As it is not recommended to jump directly into a complex quantum algorithm, I would start with a primer on the need for Quantum Computing, Basics of Quantum Mechanics and a few words on math behind Public Key Cryptographic algorithms.

Need for Quantum Computing

Necessity is apparently the mother of all inventions. Inventions which aren’t necessary for the time wouldn’t survive. Discontinued Google glass can serve as a good example here. So what apparently is the need for quantum computing? To understand that we have to rewind a bit to the famous Moore’s law. Moore’s law predicted a proportional increase in number of transistors per chip with time. All of our gadgets run on processors which has integrated thousands of transistors to a small silicon chip. But recently the chip manufacturers have been facing a bottle neck in integrating more transistors per chip as the transistor size has already reached nano scale. The atomic radius of a Silicon atom is 117.6 pico meter or 0.1176 nm. Even though it is predicted that there would be technologies which would allow us to create 7 or even 5 nm transistors, at some point in time getting smaller is going to get affected by a quantum mechanical phenomenon known as Quantum Tunneling.

Since this physical limitation in getting smaller can stall the growth of computing, scientists had to think of an alternative. The idea started sprouting when Paul Benioff described quantum mechanical Hamiltonian models of computers in 70’s. In 1980, when Yuri Manin proposed an idea of quantum computing, the world started listening. The basic idea was to use qubits instead of conventional bits as qubits could carry more data due to the uncertainties associated with quantum states.

Basics of Quantum Computing

This will cover only the very basic quantum mechanical phenomena which are needed to explain Quantum computing or Shor’s algorithm in particular. Those who want to learn more about the same may explore many good YouTube Videos and research papers. I will list a few related literature at the end.

In conventional digital computing, calculations are done on bits. A bit can have either of the two values — 0 or 1 characterized by high or low voltages/current or whatever parameter the corresponding system measures. So the number of values x bits can possibly have is 2^x. That is, 2 bits can have 2^2 = 4 possible values as shown in the following figure. However at a time, they can store only one value.

Figure 1: Bit representation of a classical computer

Quantum computing systems on the other hand utilizes the amazing quantum mechanical phenomena called ‘superposition’ of any two level quantum system. Electron spin system which has positive spin [+1/2] or a negative spin [-1/2] or a single photon whose polarization can either be vertical or horizontal are the common examples. Like the Schrodinger’s cat, which was dead and alive simultaneously while inside the box, quantum states are also uncertain before they are measured. The moment we measure the quantum state of a particle, the quantum state assumes one of the probable states. It is said that a qubit [which is apparently the quantum state of a photon/electron] can have both the possible values simultaneously until they are measured. From the macro world perspective, where the flip –flops can only store one of the two binary values at a time, this might seem a little difficult to comprehend. But at quantum level, classical physical laws are irrelevant.

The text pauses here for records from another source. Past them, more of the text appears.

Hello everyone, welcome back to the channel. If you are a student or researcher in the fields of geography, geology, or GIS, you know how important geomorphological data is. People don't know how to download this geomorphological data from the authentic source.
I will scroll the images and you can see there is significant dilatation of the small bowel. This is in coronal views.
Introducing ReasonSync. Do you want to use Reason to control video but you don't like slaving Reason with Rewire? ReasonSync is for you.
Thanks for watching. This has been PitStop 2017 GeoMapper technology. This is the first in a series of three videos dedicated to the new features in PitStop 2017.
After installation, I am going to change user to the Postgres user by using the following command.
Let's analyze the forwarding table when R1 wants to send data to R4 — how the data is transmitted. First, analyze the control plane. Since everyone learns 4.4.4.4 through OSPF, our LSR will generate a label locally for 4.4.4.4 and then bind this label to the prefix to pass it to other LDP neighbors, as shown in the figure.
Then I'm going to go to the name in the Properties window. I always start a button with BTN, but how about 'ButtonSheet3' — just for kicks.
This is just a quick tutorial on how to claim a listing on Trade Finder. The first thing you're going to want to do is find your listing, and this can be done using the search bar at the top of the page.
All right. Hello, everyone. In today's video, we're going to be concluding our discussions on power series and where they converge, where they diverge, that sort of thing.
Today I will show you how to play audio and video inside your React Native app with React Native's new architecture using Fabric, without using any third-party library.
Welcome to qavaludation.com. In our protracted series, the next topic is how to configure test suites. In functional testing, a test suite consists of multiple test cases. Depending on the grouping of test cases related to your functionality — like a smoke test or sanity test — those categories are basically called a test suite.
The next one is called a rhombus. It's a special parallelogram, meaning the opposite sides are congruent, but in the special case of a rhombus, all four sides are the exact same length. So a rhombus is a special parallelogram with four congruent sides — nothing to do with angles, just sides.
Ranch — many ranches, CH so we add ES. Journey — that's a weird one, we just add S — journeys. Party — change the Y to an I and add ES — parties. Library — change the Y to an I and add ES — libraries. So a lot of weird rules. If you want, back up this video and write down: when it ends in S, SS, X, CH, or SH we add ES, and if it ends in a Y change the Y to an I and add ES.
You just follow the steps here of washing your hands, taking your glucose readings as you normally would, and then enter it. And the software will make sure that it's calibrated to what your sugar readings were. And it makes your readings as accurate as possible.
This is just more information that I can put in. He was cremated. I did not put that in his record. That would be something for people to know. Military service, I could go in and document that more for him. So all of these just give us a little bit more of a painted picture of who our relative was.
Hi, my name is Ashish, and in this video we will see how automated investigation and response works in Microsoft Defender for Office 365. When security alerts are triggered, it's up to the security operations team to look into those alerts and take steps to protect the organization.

As a result of the above while a conventional bit could have only one value of the possible two values at a time, a qubit can store 0 and 1 simultaneously. 2 qubits could store 4 values simultaneously, 3 could store 8 values simultaneously and so on. This would increase the computational capabilities multifold. While on a first look this might look complicated yet simple, performing calculations with a superposed quantum system is still tricky.

Qubit Representation

While conventional bits are represented by 0 or 1, qubit representation isn’t that flexible as we have to consider superposition of two distinct states. The best way to denote qubit is as a linear combination of two distinct state vectors |0> & |1>. The vector representation of a qubit in superposition would be as follows.

|v>= a.|0> +b.|1>

Where a and b are the quantum probabilities of system collapsing into |0> or |1> respectively if the qubits are measured. It is to be noted that a and b are complex numbers.

|v> is also a unit vector. So the magnitude of superposed qubit vector ,

mag(|v>)=√(a^2+b^2 )
= 1

Which implies the probability of the qubit being one of the definite states would be the magnitude of its complex co efficient.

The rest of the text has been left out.